LONDON.- Tate announced today it has received a gift of a major painting by Helen Frankenthaler (1928–2011), one of the leading figures of abstract American art in the 20th century. Vessel 1961, a spectacular example of the artist’s work created during an important early stage of her career, has been generously donated by the Helen Frankenthaler Foundation in New York and marks the first painting by the artist to enter the museum’s collection. It is now on show at Tate Modern alongside four other paintings on loan from the Helen Frankenthaler Foundation as part of a year-long free display of the artist’s work.

Vessel was made using Frankenthaler’s signature ‘soak-stain’ technique, whereby she poured thinned oil paint onto raw canvas placed directly on the studio floor. This allowed her to create pools and lines of paint, which she moved with brushes and other tools to produce washes of colour. ‘There are no rules’, she said. ‘That is how art is born.’

Frankenthaler was a major figure in the history of postwar American painting, associated with the second-generation abstract expressionists. One of the few women artists in the period to gain international recognition during her lifetime, she continued to reimagine her approach to art across a remarkable six-decade career and has had a profound impact on generations of abstract painters.

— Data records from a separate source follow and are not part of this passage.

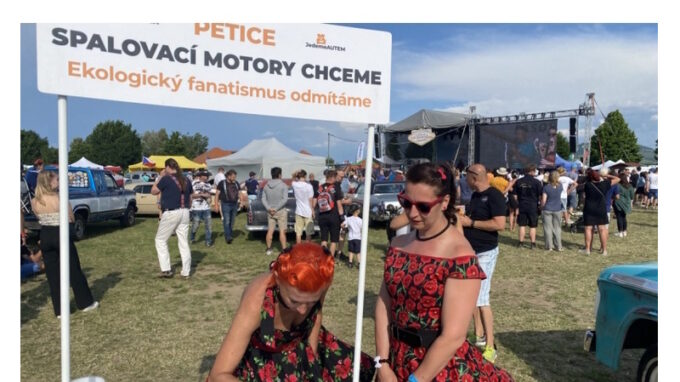 10 tisíc podpisů za spalovací motory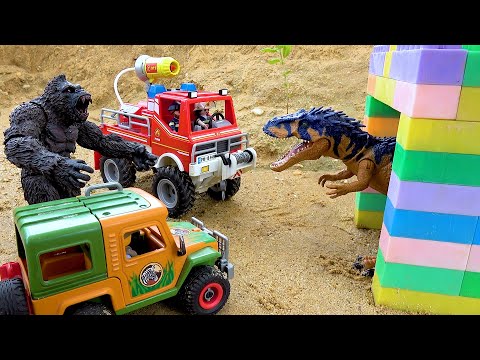 Fire Truck fighting with Dinosaurs | Giant transforming Cars | Battle between King Kong and Dinosaur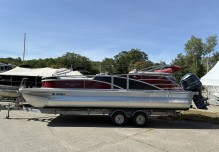 2020 Bennington 22RTFB Pontoon Boat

Gregor Muir, Director of Collection (International Art), Tate said: “We are delighted to receive this truly generous gift from the Helen Frankenthaler Foundation, which represents the first painting by this important artist to enter the national collection. Vessel transforms our ability to represent post-war American abstraction, while also reflecting the vital contribution made by women artists, such as Frankenthaler, during a critical moment in art history”.

Elizabeth Smith, Executive Director, the Helen Frankenthaler Foundation said: “The gift of Vessel marks an exciting opportunity to further advance Frankenthaler’s legacy. We hope this work – one of her most significant paintings from the 1960s – coupled with its presentation at Tate in a monographic room of loans from the Foundation’s collection will present myriad opportunities for audiences throughout the UK to discover and revisit Frankenthaler’s work, and continue to inspire new generations of artists across the pond.”

This display is one of several new free displays opening at Tate Modern over the coming month. On 25 November a group display will open entitled A Year in Art: 1973. Based on the research of the Hyundai Tate Research Centre: Transnational, it will explore the range of responses by artists and activists to the 1973 coup d’etat in Chile. Taking this tumultuous moment in history as its departure point, Tate Modern will show a variety of works that demonstrate how artists around the world came together in solidarity networks to express dissent and bear witness.

Tate’s commitment to photography will be seen in several new displays across the Natalie Bell building. In November, these will include a selection of Soviet photobooks drawn from the outstanding collections acquired by Tate from David King and Martin Parr, as well as a group of photographic portraits by Claudia Andujar, Sheba Chhachhi, Paz Errazuriz and Susan Meiselas. In December, two solo rooms of recently acquired photographs will open: Irving Penn’s Underfoot, engrossing close-up images of New York City’s streets, and a series of works by Mexican photographer Graciela Iturbide generously donated by Michael and Jane Wilson.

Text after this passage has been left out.